Daily Dress UP center
Dressing up is so much fun! Children learn and grow both physically and cognitively when using new materials. Create an area in you home for dress up play. Put box or empty laundry basket in the corner of a room with a variety of dress up materials. These can include pre-bought costumes, but can also include daily clothes. The idea here is that children can practice zipping, taking things off, putting things on, buttoning, etc. Some ideas for this daily Dress Up center include
- Variety of Shoes (sandals, boots, tennis shoes, water shoes, etc)
- Scarfs (Monitoring should be done in this area to prevent chocking hazard)
- Shirts (long sleeve, short sleeve, no sleeve)
- Bathing suits
- Slippers and PJ’s
- Any thing else that you can find!
The Art Room
Art is a time where a child can feel creative and explore a variety of mediums in order to experiment with building and creating their own designs. Place a variety of buckets in an area, each bucket full of a different art materials and let your child explore on their own. These materials can include:
- Finger Paint
- Buttons (As long as your child isn’t eating small objects)
- Yarn (With supervision to prevent chocking)
- Painting cars
- Old boxes for drawing and coloring (tissue boxes, amazon/shipping boxes, empty paper towel rolls)

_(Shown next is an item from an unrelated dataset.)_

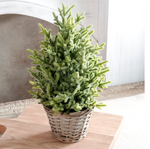 Glitter Topiary in Basket, 16 in. 2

Building with New Materials
- Empty Boxes
- Tissue Boxes
- Empty Toilet Paper Rolls or Empty Paper Towel Rolls
- Cars or trucks (toys)
- Plastic animals or puzzle pieces
- Building blocks of a variety of sizes and colors
- Pictures of a variety of buildings (Castles, airplanes, stadiums, space stations, fire houses, World landmarks (Towers, Pyramids, Statue of Liberty, etc)
Clean up the Mess
Messy activities are fun and can engage children for a long time. Sensory bins create an opportunity for children to develop appropriate sensory skills and also provide an opportunity for them to practice fine motor and cognitive skills. Some ideas of items to place in a Sensory bin depend on how old the child is and what types of skills they have. Are they still oral and put a variety of objects in their mouths? If that is the case then sand, water, or food item in the sensory bin will be most effective. Once your child is done using the sensory bin, simply have them place the lid on top and put it away for another day. Use a towel and broom to clean up the area and have your child help. Here are some ideas for items to put in the sensory bin:
For children ages 1-2 (or any child still putting things in their mouths):
For children ages 2-5 (or any child not putting times in their mouth any more):
- Beans and buckets/shovels
- Rice and buckets/shovels
- Pebbles and cars/trucks
- Rocks and sand
- Dirt and worms
- Play dough and play dough toys/play dough scissors
- Christmas tree trimmings and small ornaments
Engaging Music and Songs
Making music is both fun for child and also helps them to learn beats and language development. Put on a child-friendly CD and allow your child to have a dance party in the room. Give them dancing scarves, musical instruments and a pretend microphone to sing and dance along to the music.
Jumping and moving is a great need for young children, even while it is raining. The Popcorn dance is a fun way to make this happen while you are in doors. Parent should place a pieces of paper that are at least one foot away from each other, all around one room (if on a tile floor, tape them down to prevent slipping). Paper can be a variety of colors, shapes sizes or just regular white paper. They can be placed in a line, circle or pattern. Allow your child to jump from one piece of paper to the other. They can count, they can sing, they can jump to music.
Creating New Spaces
This is a fun game for children who enjoy playing with cars or drawing maps. The parent should sit down with the child and either draw a “road” map on a poster sized piece of paper, or using painters tape, make a “road” map with the painters tape on the floor. Now allow the child to drive over the roads with cars, use objects to symbolize buildings, animals, trees, etc. Once the road has be drawn (or tape on the floor) the child can create on their own. Check out our recommended toys and furnishings for your child’s learning environment.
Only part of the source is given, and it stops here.